%%
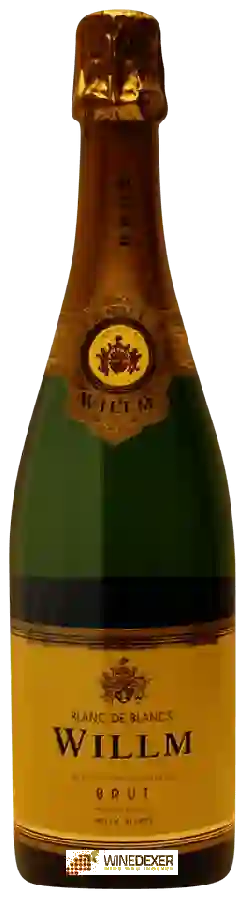 Winery Willm - Blanc de Blancs Brut Winery Willm - Blanc de Blancs Brut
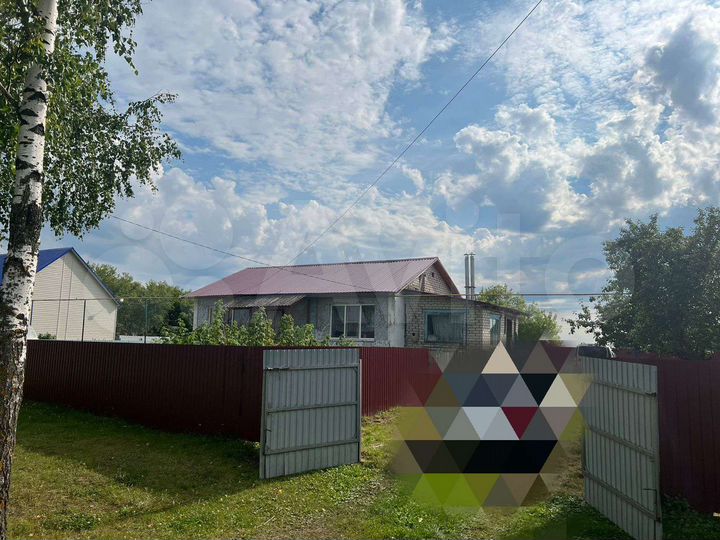 Дом 74,2 м² на участке 46 сот.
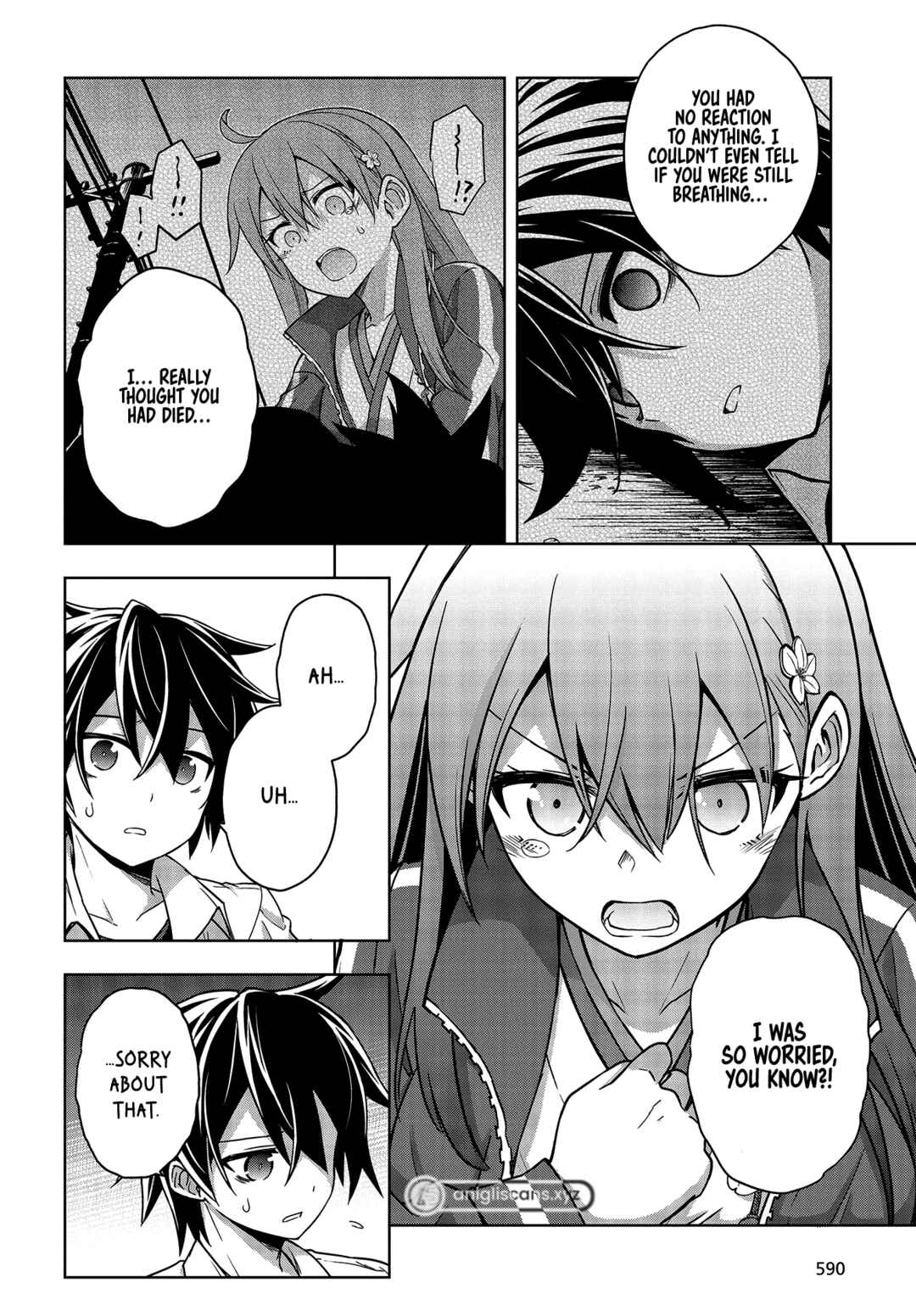 Page 9 Chapter 10 The Hollow Regalia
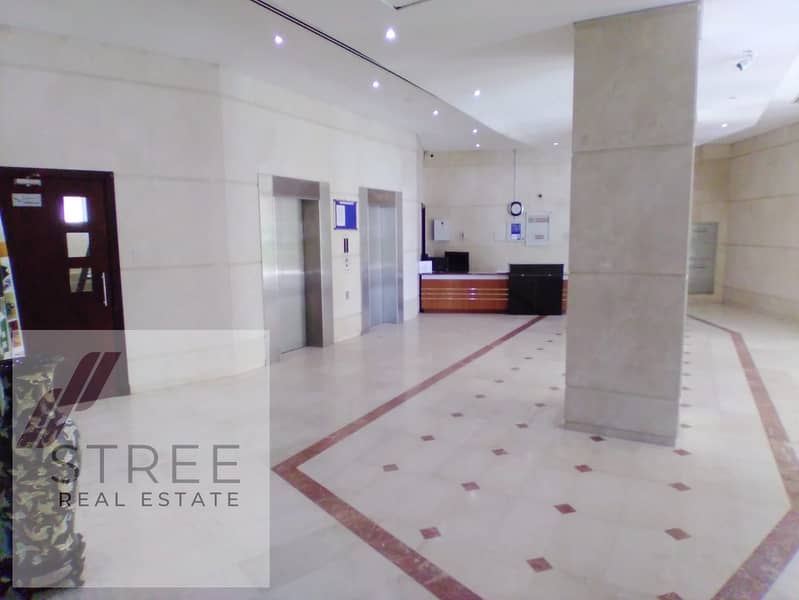 10 Reception Area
%%
ACTIVITY: Your response must reproduce every line of the data exactly, with images omitted.

REPLY TO THE TASK:
 Winery Willm - Blanc de Blancs Brut Winery Willm - Blanc de Blancs Brut
 Дом 74,2 м² на участке 46 сот.
 Page 9 Chapter 10 The Hollow Regalia
 10 Reception Area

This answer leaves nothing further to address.